2004 Indian film in Konkani

Aleesha is a Konkani film released in 2004 in Goa, India. It was directed by Rajendra Talak and featured Priyanka Bidaye and Rajeev Hede in the lead roles.

==Synopsis==
The film is about a mine-owner family and its interaction with the residents of the mining belt of Goa.

The bountiful nature and the pristine beauty of Goa is a joy for Goans and nature lovers all over the globe. Known all over the world as a popular tourist destination, Goa remains a dream holiday destination for everybody. But little known is the fact that the mining industry is an important part of Goa's economy. It could be the story of any of the mining families in Goa, with a young scion taking learning the ropes the newest member of the family, a pretty, educated daughter-in-law, Aleesha.

Aleesha is an artist photographer who is an ardent lover of nature. Married in the family of industrialists, she finds herself in a conflict of interests. Her struggle to set right the blatant violation and flouting of rules brings her in direct confrontation with her family's business interests. Moreover, her hard stance of exposing the facts does not go down well with the involved parties. In the film, Aleesha depicts her persuasiveness and the manner in which she manages to prevail over her husband and in-laws who themselves are mine owners. Aleesha's message is that of co-existence of an eco-friendly industry with nature being the need of the hour.

Priyanka Bidye plays the lead role well, a bit dramatised for the effect. It is Prashanti Talpankar, lecturer in Dnyanaprasarak Mandal's College on the outskirts of Mhapsa and a writer in her own rights, who grabs the attention in her role as "Philo", the wife of a deceased truck driver in the mining belt. The film ably depicts the neglect of the environment by industrialists, changing trend in mining, with afforestation and social concern increasing in the mining companies. The role in real life that is played by qualified and professional Environmental Managers working under an ISO 14001 regime is shown in reel life as led by the daughter-in-law. Prince Jacob and Lorna have also made guest appearances, where Lorna sings Portun Aikat Mozo Tavo and Prince Jacob as a government officer / inspector.

==Cast==
- Cast: Priyanka Bidye (as Aleesha), Tapan Acharya, Dr.

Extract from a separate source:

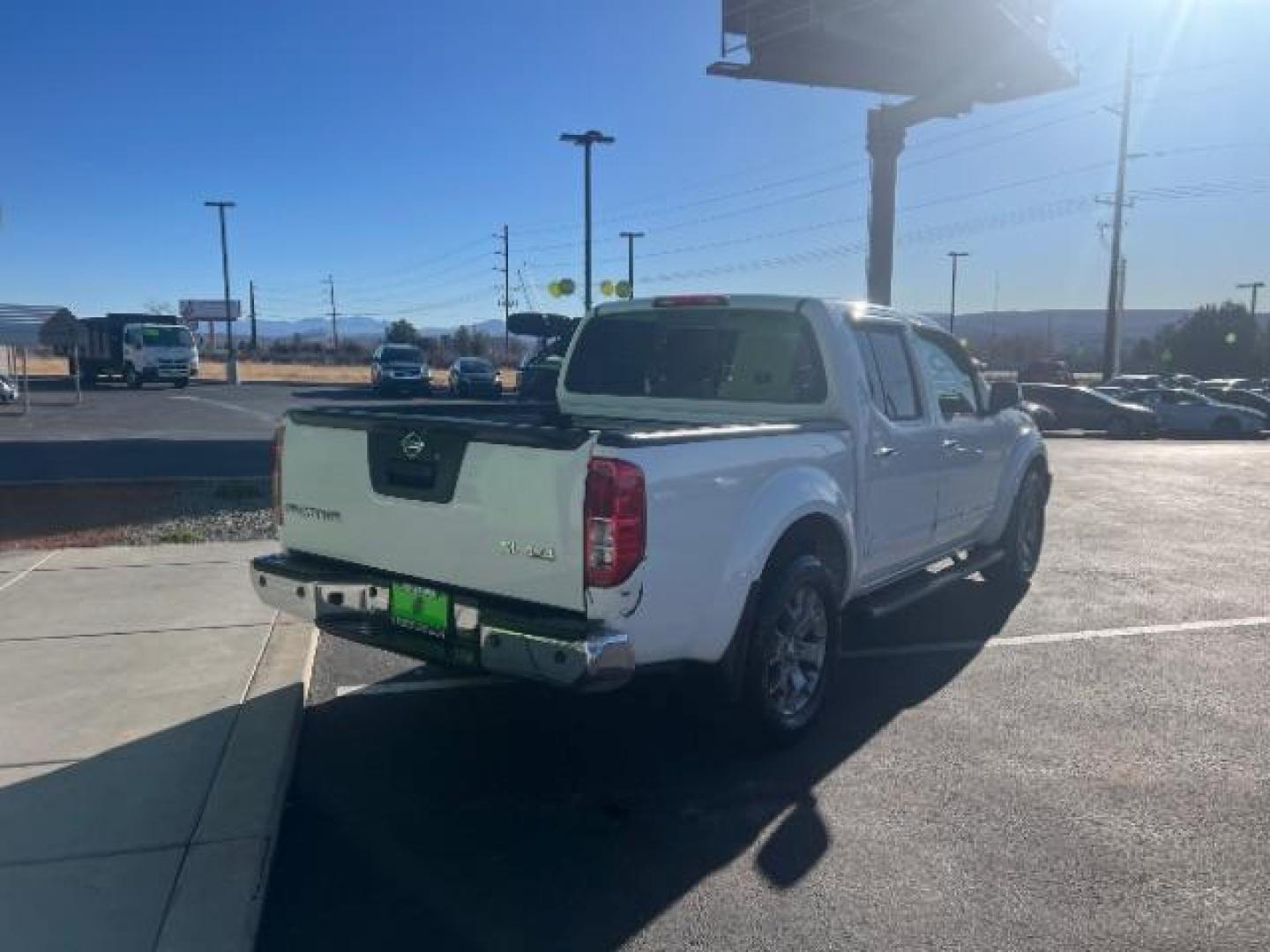 2019 Glacier White /Steel Nissan Frontier SL (1N6AD0EV1KN) with an 4.0L V6 DOHC 24V engine, 5-Speed Automatic transmission, located at 1865 East Red Hills Pkwy, St. George, 84770, (435) 628-0023, 37.120850, -113.543640 - We specialize in helping ALL people get the best financing available. No matter your credit score, good, bad or none we can get you an amazing rate. Had a bankruptcy, divorce, or repossessions? We give you the green light to get your credit back on the road. Low down and affordable payments that fit - Photo#6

Vijay Thali, Prashanti Talpankar (as Philo), Rajeev Hede, Dr. Ajay Vaidya, Anil Raikar, Keshav Nadkarni, Neema Kamat, Sachika Almeida, Ashalata Wabganvkar, Sanjay Tadvalkar, Harsh Kamat
- Guest appearance: Prince Jacob, Lorna

==Music==
The soundtrack of this film was not released. Only the song Kali Kali sung by Devaki Pandit and its instrumental version were released in a combination album with Rajendra Talak's production Daryachea Deger.

==Production==
In 2002, Talak decided to make a film about the pollution caused by mining in Goa. He began with a budget of Rs. 65 lakhs. Upon learning that Goa would host the International Film Festival of India in 2004, Talak quickly finished the shooting and post production of Aleesha. The film premiered at the 35th International Film Festival of India.

==Awards==
National Award for Best Feature Film in Konkani at the 52nd National Film Awards. Aleesha was the first film to win this award, although Nirmon had earlier won a Certificate of Merit for Regional Languages in 1965.